|1||Aluminium Round Bar (41.28mm x 500mm)||£24.00|
|1||Aluminium Round Bar (57.15mm x 800mm)||£43.00|
|2||Clear Acrylic Tube (50mm x 5mm x 500mm)||£22.00|
|5||Light Emitting Fluorescent Acrylic Rod (Green)||£48.00|
|20||M4 A2 Countersunk Allen Screw Bolt (40mm)||£3.00|
|60||M4 A2 Countersunk Allen Screw Bolt (20mm)||£3.00|
|5||12V Battery Clip Holder||£12.00|
|5||Latching push button switch||£10.00|
|5||Ultra Bright 12V White LEDs (5mm)||£1.00|
Optionally, use a large executive briefcase to store the vials (£25.00).
Total Cost: ≈ £166.00 (Enough material to produce 5 vials, possibly more.)
These vials are the result of an idea to introduce additional physical objects into airsoft scenarios, which went from a random sketch to the start production in less than one week. As per usual, this would be a trail and error based process, where the manufacturing was done by hand, resulting in the five vials taking around 8 hours each to produce.
After the initial ideas process, numerous technical diagrams were sketched out to ensure that the proposed parts could be contained and the correct items ordered prior to build.
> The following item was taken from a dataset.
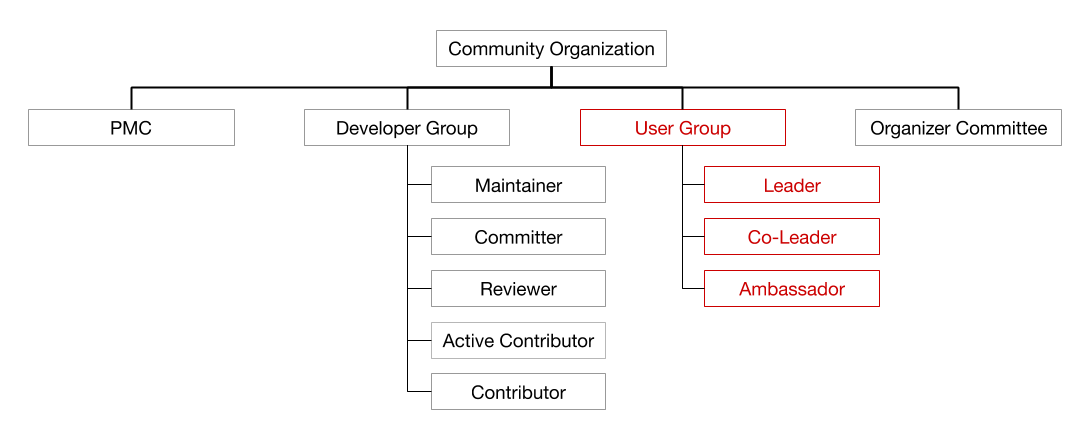 图 2 新社区架构之 User Group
Using only machinery available to us in the work shed, the first step was to work on the metal components for the bottom section using the 57.15mm diameter aluminium bar.
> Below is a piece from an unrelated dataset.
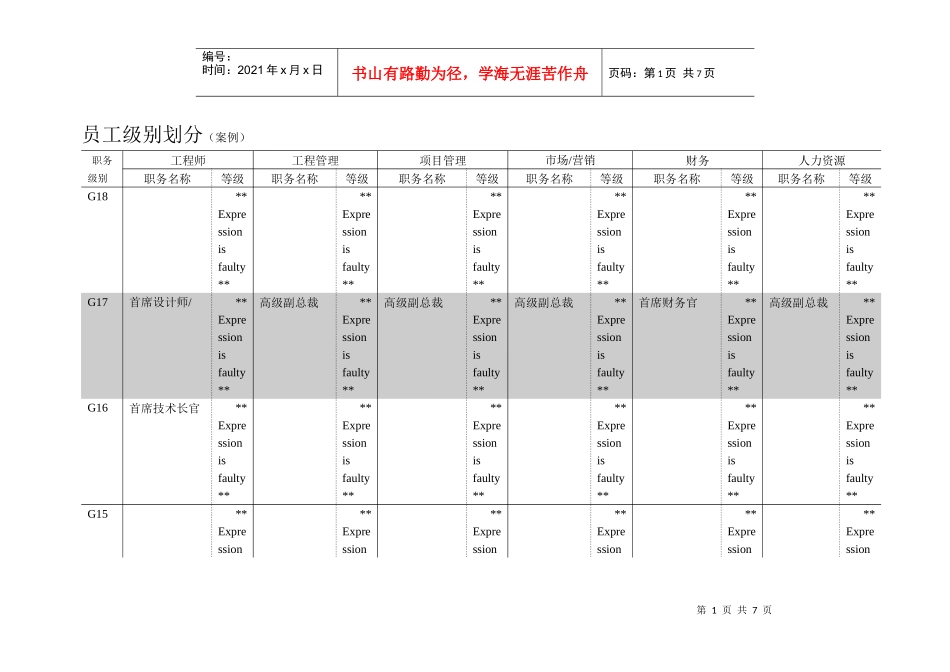 某国际著名企业员工系列划分及薪资级别案例_第1页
Ensuring that the 50mm acrylic tube would fit accurately was next, along with creating a prototype for the bottom face to encapsulate the wiring.
The coloured acrylic rods were held in place by two metal disks made from adjusted 41.28mm diameter aluminium bar, screwed into the clear tube, which is then attached to each of the end sections with Allen screw bolts.
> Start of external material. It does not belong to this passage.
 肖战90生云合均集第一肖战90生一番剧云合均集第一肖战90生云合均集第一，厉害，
A very simple circuit was inserted to check the components fit the void, consisting of a 12V battery, 5mm LED, resister and toggle switch. The LED used initially here did not provide enough light, so were later replaced with an ultra bright option.
The toggle switches pictured earlier were also replaced in preference with latching push switches held in position, thus prevented the need to unscrew the bottom in order to turn on and off the LED.
After a number of other small alterations and additions (such as RFID tags, numbering marking etc), the resulting vials turned out to be very successful. The final touch was to ensure that they were stored in a way that would prevent unnecessary damage – a briefcase and leftover foam worked great to solve that problem.